The members of the Congress were all afraid of a strong France, so they created strong border states. The Netherlands and the Italian Kingdom of Piedmont were created to this end. Prussia got the left bank of the Rhine, while Austria took territory in northern Italy, including Tuscany and Milan. In Naples, Murat actually kept his throne for a while. The Bourbons were restored in Spain. Restoring Germany to its previous status as the chaotic, fragmented Holy Roman Empire served no one's purposes. Instead, the relatively large kingdoms of Bavaria, Wurttemberg, and Saxony remained as Napoleon created them. However, no unified Germany would emerge. Small states remained for now.
The future of Napoleon's Polish Grand Duchy of Warsaw remained the most problematic issue. Alexander had desired over the territory for years, but Austria and Prussia both had parts of the old Polish kingdom. The Prussians entered an agreement with Russia, under which Russia would support Prussia's bid for Saxony and Prussia would support Russia's bid for Poland; in addition, Prussia would hand over its share of Poland to Russian. Metternich, however, feared that Russia would become too powerful in this deal. To combat the Russian-Prussian alliance, on January 3, 1815, Metternich, Castlereagh, and Talleyrand signed a secret treaty agreeing to oppose the Prussians and Russians. In the end, the Congress of Vienna created a small Poland ("Congress Poland") with Alexander installed as the king. With Russia satisfied, Prussia lost its ally and only was able to get a minor piece of Saxony.
As these details were being ironed out in Vienna, another problem suddenly arose. On March 1, 1815, Napoleon appeared in France, having escaped from exile in Elba. Promising to return France to glory, Napoleon swept through the country and raised an army. Louis XVIII quickly fled, and Napoleon made a last-ditch effort at conquest in a period called the Hundred Days. The Congress of Vienna was shocked, and immediately declared Napoleon an outlaw.
The Hundred Days came to climax and conclusion at the Battle of Waterloo, where the British army under Wellington was joined by a revitalized Prussian force under Blucher. Together, the British and the Prussians managed to defeat Napoleon.
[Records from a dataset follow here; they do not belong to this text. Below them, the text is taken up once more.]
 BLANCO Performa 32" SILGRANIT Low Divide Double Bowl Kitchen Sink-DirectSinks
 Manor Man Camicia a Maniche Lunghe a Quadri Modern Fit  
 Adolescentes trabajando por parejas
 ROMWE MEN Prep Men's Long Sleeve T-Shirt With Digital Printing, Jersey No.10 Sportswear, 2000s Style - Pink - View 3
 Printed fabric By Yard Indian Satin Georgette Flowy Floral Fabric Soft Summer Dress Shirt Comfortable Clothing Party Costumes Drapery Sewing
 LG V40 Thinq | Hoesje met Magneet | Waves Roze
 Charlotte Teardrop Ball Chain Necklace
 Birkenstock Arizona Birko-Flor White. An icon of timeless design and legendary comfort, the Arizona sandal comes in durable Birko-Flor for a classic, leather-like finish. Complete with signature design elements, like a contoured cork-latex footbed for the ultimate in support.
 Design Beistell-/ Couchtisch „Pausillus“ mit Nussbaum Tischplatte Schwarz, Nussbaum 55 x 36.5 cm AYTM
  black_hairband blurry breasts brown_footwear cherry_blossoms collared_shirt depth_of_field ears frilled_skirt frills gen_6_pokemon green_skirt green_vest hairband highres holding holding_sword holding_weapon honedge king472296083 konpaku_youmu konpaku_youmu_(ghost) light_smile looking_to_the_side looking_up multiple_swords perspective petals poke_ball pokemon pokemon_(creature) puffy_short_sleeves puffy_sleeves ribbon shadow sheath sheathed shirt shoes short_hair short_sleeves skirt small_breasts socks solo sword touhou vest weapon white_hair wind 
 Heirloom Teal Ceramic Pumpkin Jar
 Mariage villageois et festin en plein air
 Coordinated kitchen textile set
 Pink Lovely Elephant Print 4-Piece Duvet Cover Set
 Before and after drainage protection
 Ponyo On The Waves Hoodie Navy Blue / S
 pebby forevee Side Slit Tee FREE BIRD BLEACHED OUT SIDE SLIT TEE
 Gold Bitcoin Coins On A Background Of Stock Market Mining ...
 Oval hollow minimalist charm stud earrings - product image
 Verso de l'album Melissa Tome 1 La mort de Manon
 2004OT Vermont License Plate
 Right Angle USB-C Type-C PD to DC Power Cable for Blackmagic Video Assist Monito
A second Treaty of Paris was signed, and Napoleon was exiled much farther away this time, to the island of Saint Helena in the South Atlantic, were he lived out the last six years of his life. The four victorious powers (Britain, Austria, Prussia, Russia) agreed that no Bonaparte would ever be allowed to rule France again. Even Murat, who previously had been left as king of Naples, was now deposed and the Bourbon monarchy restored.
After the end of the Hundred Days, the finishing touches were put on the Congress of Vienna. Czar Alexander I, still looking for a collective security system that would prevent anyone from ever building such a large European empire again, convinced most European nations to sign a Holy Alliance. Under the terms of this agreement, which was taken seriously by few besides Alexander himself, the nations promised to strive for the Christian virtues of charity and peace.